Not two months since, I was conversing with several of the aristocratic Mohammedans of Beirût, who were in attendance at the commencement of the Beirût Protestant Medical College. The subject of the education of girls was introduced, and one of them said, "we are beginning to have our girls instructed in your Protestant schools, and would you believe it, I heard one of them read the other day, (probably his own daughter,) and she actually asked a question about the construction of a noun preceded by a preposition! I never heard the like of it. The things do distinguish and understand what they read, after all!" The others replied, "_Mashallah! Mashallah!_" "The will of God be done!"

Some ten years ago, an influential Moslem Sheikh in Beirût, who was a personal friend of Mr.

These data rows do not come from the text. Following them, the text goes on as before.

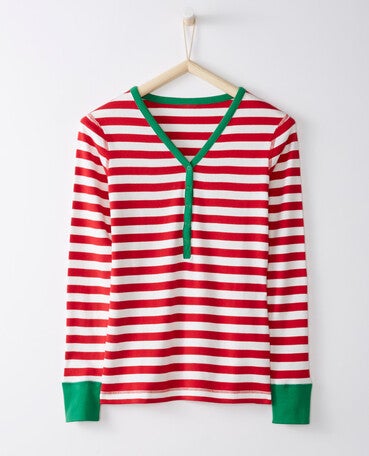 Product image for 47926-S74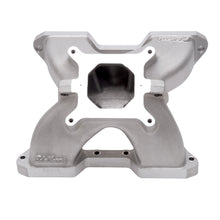 Load image into Gallery viewer, Edelbrock 28408 Engine Intake Manifold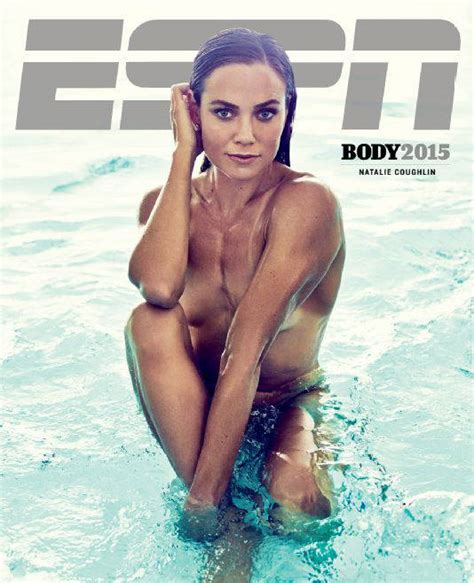 natalie coughlin amanda bingson and kevin love cover the espn body issue uinterview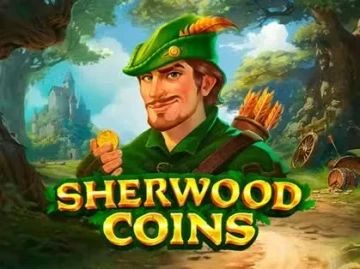 Spellwin Casino screenshot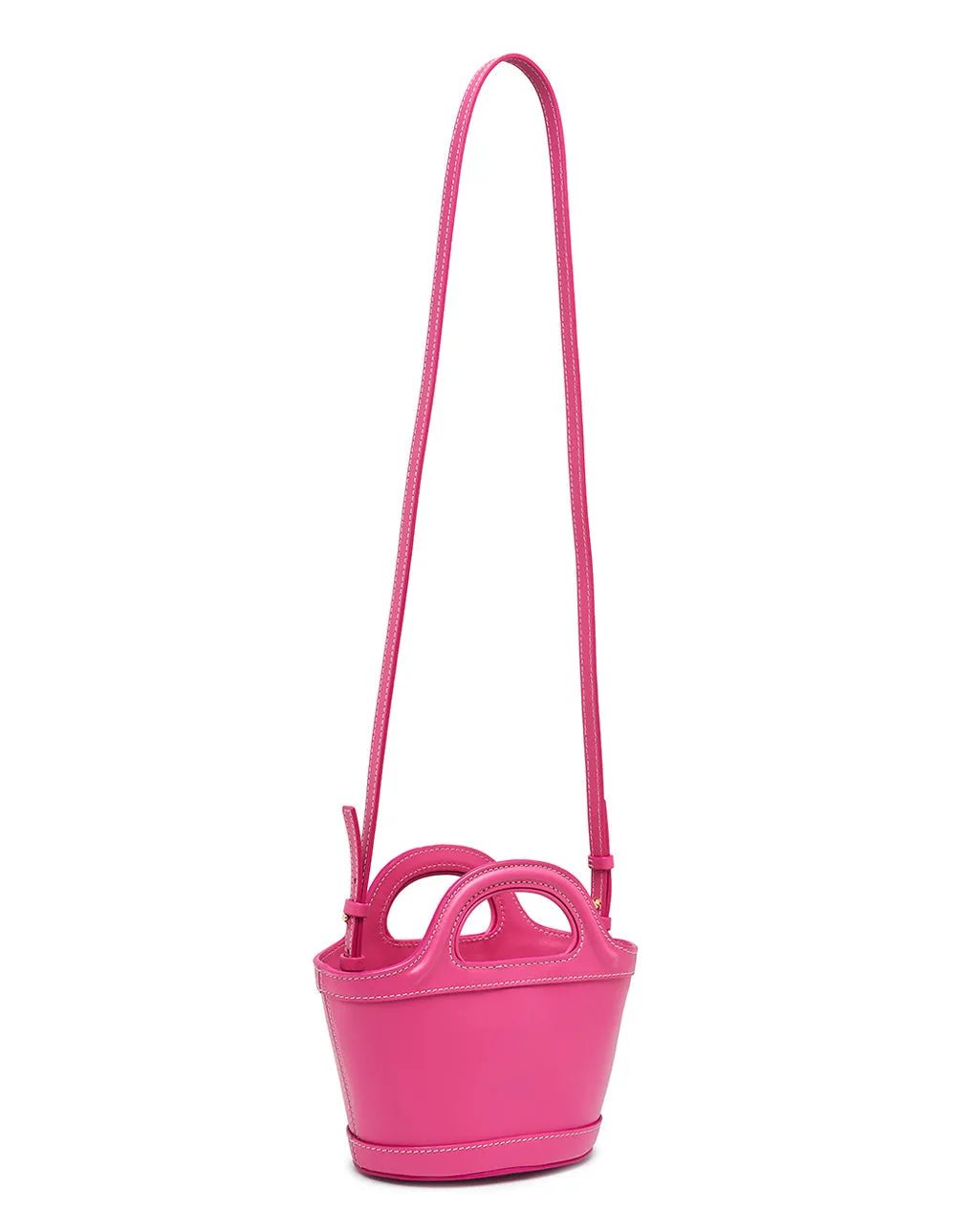 Tropicalia Micro Tote
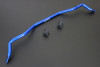 Hardrace Front Sway Bar Lexus GS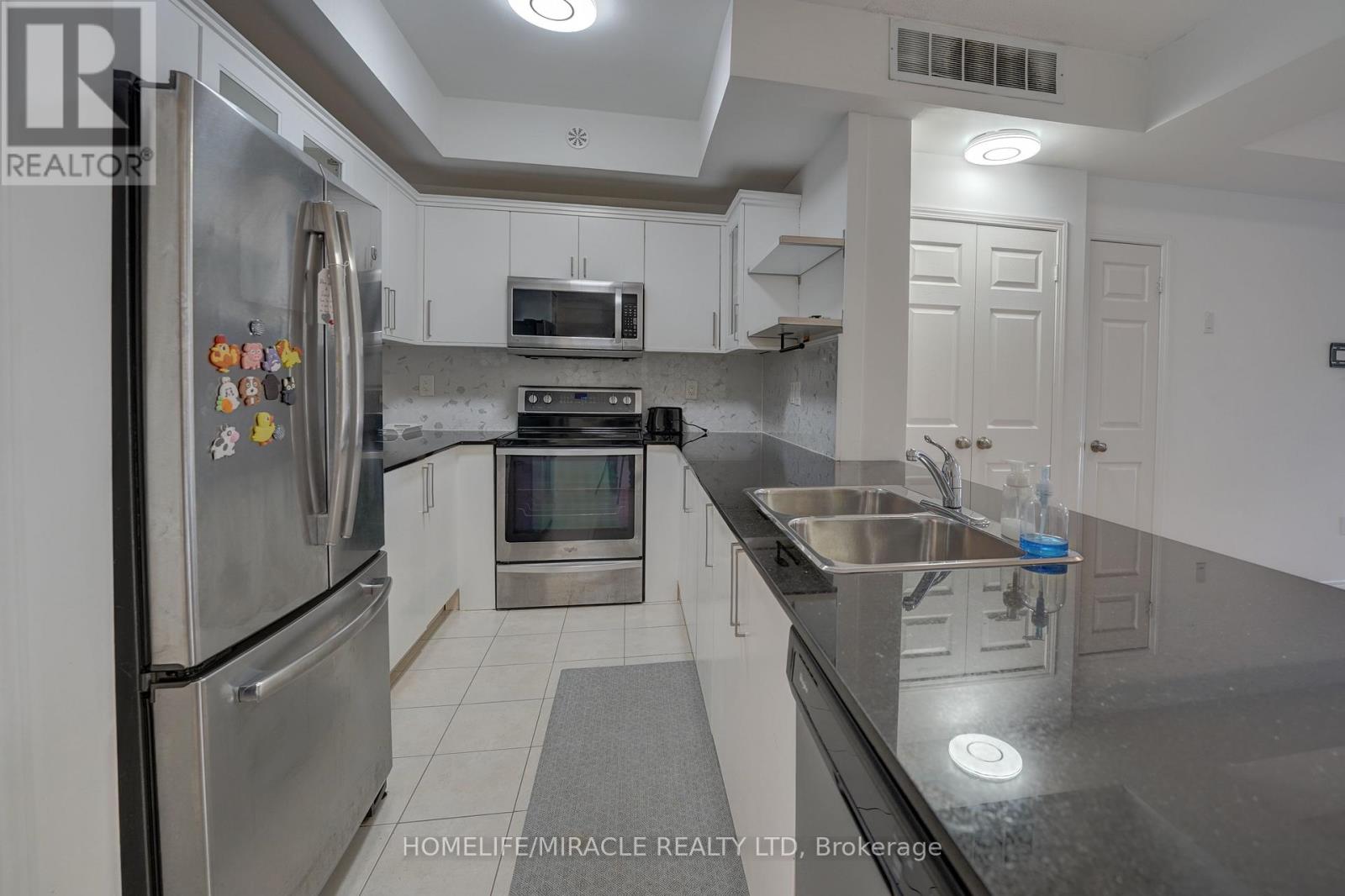 20 - 180 Howden Boulevard, Brampton, Ontario  L6S 0E6 - Photo 10 - W12482331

Araman, the husband of Lulu, brought his daughter Wahidy (only one) to the Seminary to be instructed, on condition that no man should ever see her face. As Mr. Araman himself was one of the teachers, and I was accustomed to make constant visits to the school, she was obliged to wear a light veil, which she drew adroitly over her face whenever the door was opened. This went on for months and years, until at length in recitation she would draw the veil aside. Then she used to listen to public addresses in the school without her veil, and finally, in June, 1867, she read a composition on the stage at the Public Examination, on, "The value of education to the women and girls of Syria," her father, Sheikh Said el Ghur, being present, with a number of his Moslem friends.